0 0 Share PDF

Getting started with kafka

Article ID: KB000927

What is Kafka?

Kafka is a distributed append log; in a simplistic view it is like a file on a filesystem. Producers can append data (echo 'data' >> file.dat), and consumers subscribe to a certain file (tail -f file.dat). Kafka, like a POSIX filesystem, makes sure that the order of the data put in (in the analogy via echo) is received by the consumer in the same order (via tail -f). In addition, Kafka provides an ever-increasing counter and a timestamp for each consumed message.

To break the analogy, you do not have to go far.

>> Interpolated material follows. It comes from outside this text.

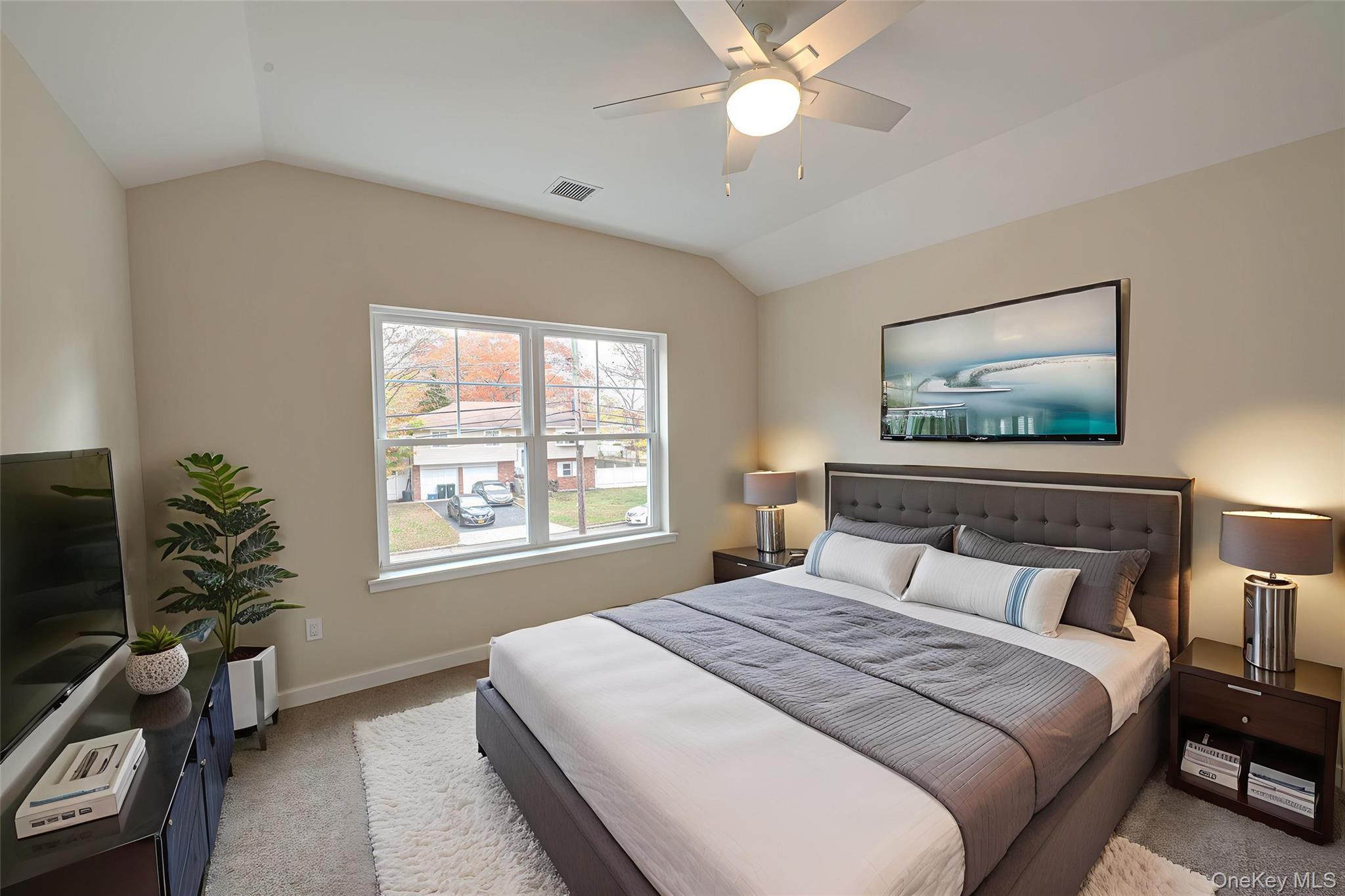 370 Canal Road Port Jefferson Station, NY 11776 - Photo 10 of 16 a bedroom with a large bed and a chandelier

Consider the need for multiple consumers, subscribing to a given file (in Kafka called topics). If they are consuming independently, it is the equivalent to executing tail -f file.dat multiple times - ok, that works. But what if you don't want them to process a single line twice - no POSIX breaks. Or even worse: if multiple producers are writing in the same topic? Furthermore, scaling the system out to process more data needs to spread the load across multiple node; how do you coordinate the write/read then?

Zookeeper

Kafka uses Zookeeper (simplified: solid, reliable, transactional key/value store) to keep track of the state of producers, topics, and consumers. This will be explained later.

Spreading load across a given topic on multiple nodes chunks up the topic into multiple partitions. Zookeeper makes sure that the messages are still ordered and that the broker can replicate messages, so that failures are handled gracefully.

A producer connects to one of the partitions and publishs its data. Consumers create a consumer_group which keeps track of which message was already processed. A consumer group can consist of multiple consumers, which never process a given message twice. If the topic has more partitions than consumers in a group, they simply connect to multiple partitions (in the case of only one consumer, it connects to all).

That is actually all you need to know to get started.

Example Usage

Note: The compose file at the end of this article can be used to demonstrate this example.

First, create a network to connect to Kafka, with non-service containers. The network is made attachable.

$ docker network create -d overlay --attachable kafka-net
zhd4d9ecqvnnz1ebev4wzwqb5

The first service is a single Zookeeper container, plus a Zookeeper Web UI to discover what is going on.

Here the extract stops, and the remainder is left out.